Configuration

Redpanda Connect pipelines are configured in a YAML file that consists of a number of root sections, arranged like so:

  • Common

  • Full

input:
  kafka:
    addresses: [ TODO ]
    topics: [ foo, bar ]
    consumer_group: foogroup

pipeline:
  processors:
  - mapping: |
      root.message = this
      root.meta.link_count = this.links.length()

output:
  aws_s3:
    bucket: TODO
    path: '${! meta("kafka_topic") }/${! json("message.id") }.json'
http:
  address: 0.0.0.0:4195
  debug_endpoints: false

input:
  kafka:
    addresses: [ TODO ]
    topics: [ foo, bar ]
    consumer_group: foogroup

buffer:
  none: {}

pipeline:
  processors:
  - mapping: |
      root.message = this
      root.meta.link_count = this.links.length()

output:
  aws_s3:
    bucket: TODO
    path: '${! meta("kafka_topic") }/${! json("message.id") }.json'

input_resources: []
cache_resources: []
processor_resources: []
rate_limit_resources: []
output_resources: []

logger:
  level: INFO
  static_fields:
    '@service': benthos

metrics:
  prometheus: {}

tracer:
  none: {}

shutdown_timeout: 20s
shutdown_delay: ""

Most sections represent a component type, which you can read about in more detail in this document.

These types are hierarchical. For example, an input can have a list of child processor types attached to it, which in turn can have their own processor children.

This is powerful but can potentially lead to large and cumbersome configuration files.

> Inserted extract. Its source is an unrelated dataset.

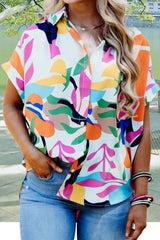 Printed Collared Neck Short Sleeve Shirt Floral Blouses & Shirts JT's Designer Fashion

This document outlines tooling provided by Redpanda Connect to help with writing and managing these more complex configuration files.

Testing

For guidance on how to write and run unit tests for your configuration files read this guide.

Customizing your configuration

Sometimes it’s useful to write a configuration where certain fields can be defined during deployment. For this purpose Redpanda Connect supports environment variable interpolation, allowing you to set fields in your config with environment variables like so:

input:
  kafka:
    addresses:
    - ${KAFKA_BROKER:localhost:9092}
    topics:
    - ${KAFKA_TOPIC:default-topic}

This is very useful for sharing configuration files across different deployment environments.

Labels

Labels are unique, user-defined identifiers used throughout Redpanda Connect configurations. They serve two purposes:

  • Reference: Allow different parts of your pipeline to refer to specific components or resources.

  • Readability: Make your configuration more understandable for humans, especially in complex deployments.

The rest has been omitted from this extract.